Board of Cooperative Education Services Builds a Virtual Data Warehouse with Analytics/204
The Case for a Data Warehouse
Imagine all your data about a single topic coming together seamlessly from a number of disparate systems throughout your enterprise for decision support and analysis. Furthermore, the data is cleansed and possibly even transformed or aggregated for analytical use. Finally, you provide a variety of query, reporting, data mining, and analytical tools to end-users. They can explore the data freely and answer their own questions without excessive involvement from the IT department. That is the concept of a data warehouse in a nutshell.
However, building a data warehouse isn’t as simple and straightforward as the concept. Consuming a tremendous amount of programmer and financial resources, a full-blown data warehouse architecture requires the precise integration of numerous new and existing software components. As such, building a data warehouse is not a project that is lightly undertaken.
The Virtues of a Virtual Data Warehouse
Now suppose you could quickly build a virtual data warehouse as a working prototype of a data warehouse. And while you worked on the design and implementation of the data warehouse, the virtual data warehouse is up and running, fulfilling the needs of end users.
Unlike a data warehouse, the virtual data warehouse does not store data separately from the operational store. It applies appropriate business intelligence tools against views of operational data, providing the end-user with some decision support capabilities quickly and easily. And because users can satisfy most of their own information requests, the IT department - particularly of a small or mid-size company - can devote more time to the design and implementation of the data warehouse.
As one Model 204 user has discovered, the recently-released Analytics/204 product is the ideal business intelligence tool for building a virtual data warehouse.

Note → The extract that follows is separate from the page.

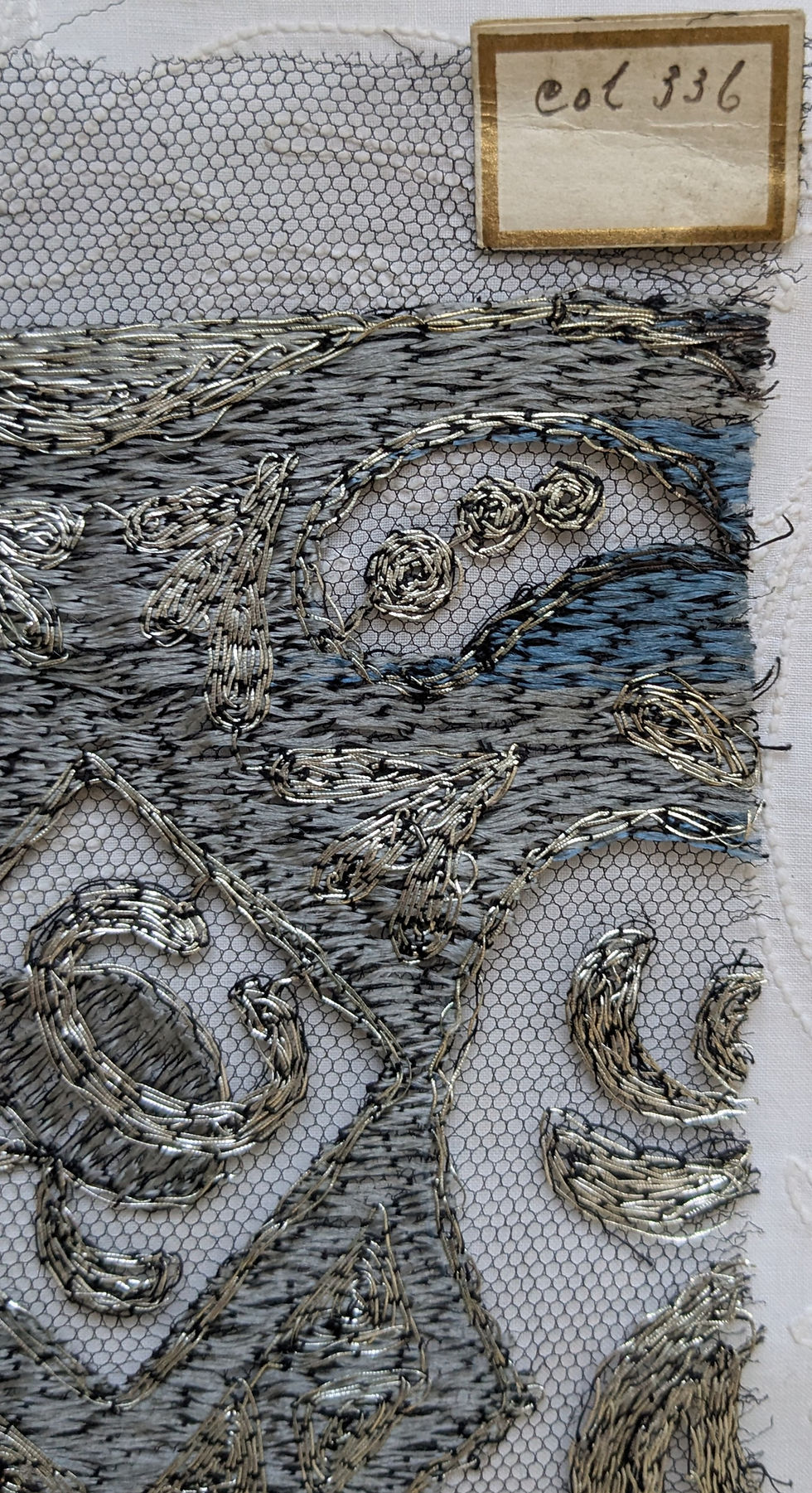 Thumbnail: An Early 1900's French Metallic Lace Sample Stunning Design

The Board of Cooperative Education Services (BOCES) in Syracuse, New York, provides student-oriented research data to approximately 2,500 school principals, administrators and researchers in almost every school district in the state. Every request differs; each involves vast information about any number of students and requires that results be displayed in diverse formats. Recently, despite their best efforts to keep up with the ever-growing demand, IT began to fall behind with reports. They knew they needed a data warehouse.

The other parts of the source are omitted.